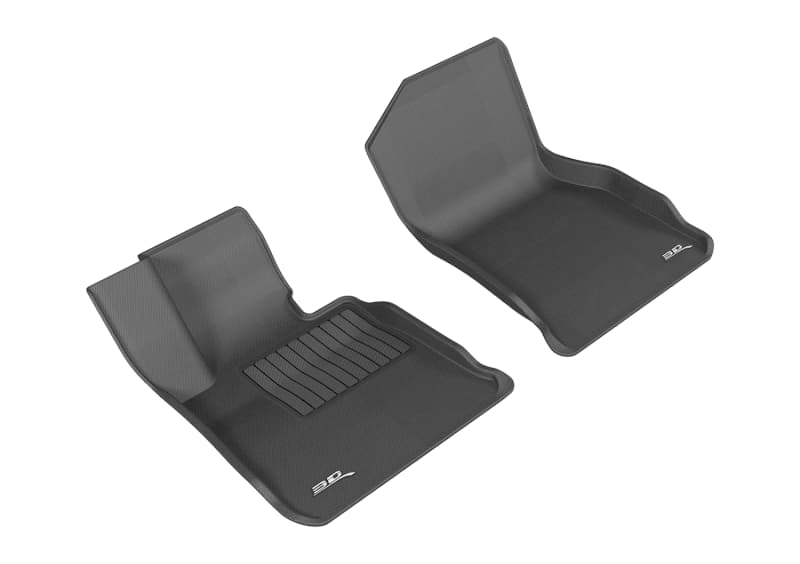 3D MAXpider ACE Kagu - Front - Black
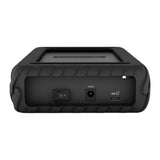 Glyph Blackbox PRO 7200 RPM USB-C 3.1 260 MBPS Speeds Silicone Enclosure Hard Drive for Backup (2TB)
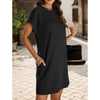 Lucy | Trendiges Freizeitkleid für Damen im lässigen Stil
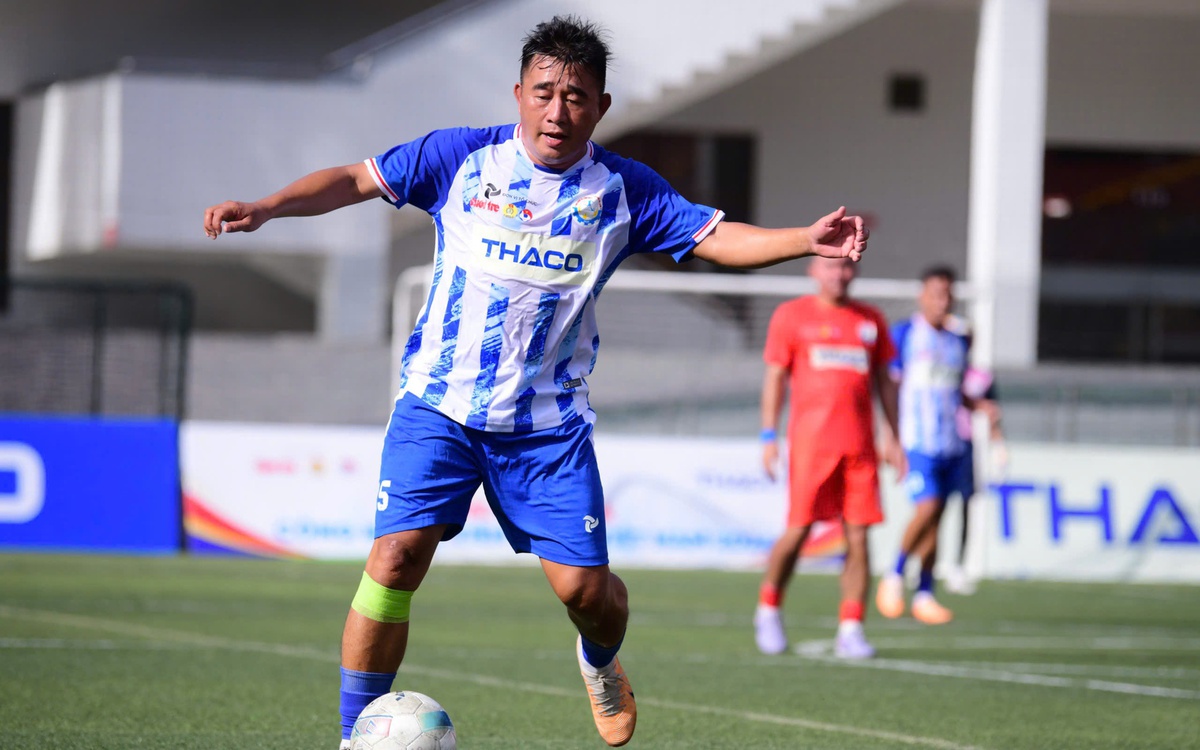 Defending Runner-Up SAWACO Eliminated in Group Stage of Vietnam Workers' Football Championship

TASK ITEM>
Would you copy out the material above exactly, without the pictures in it?

EXERCISE ANSWER>
 3D MAXpider ACE Kagu - Front - Black
 Glyph Blackbox PRO 7200 RPM USB-C 3.1 260 MBPS Speeds Silicone Enclosure Hard Drive for Backup (2TB)
 Lucy | Trendiges Freizeitkleid für Damen im lässigen Stil
 Defending Runner-Up SAWACO Eliminated in Group Stage of Vietnam Workers' Football Championship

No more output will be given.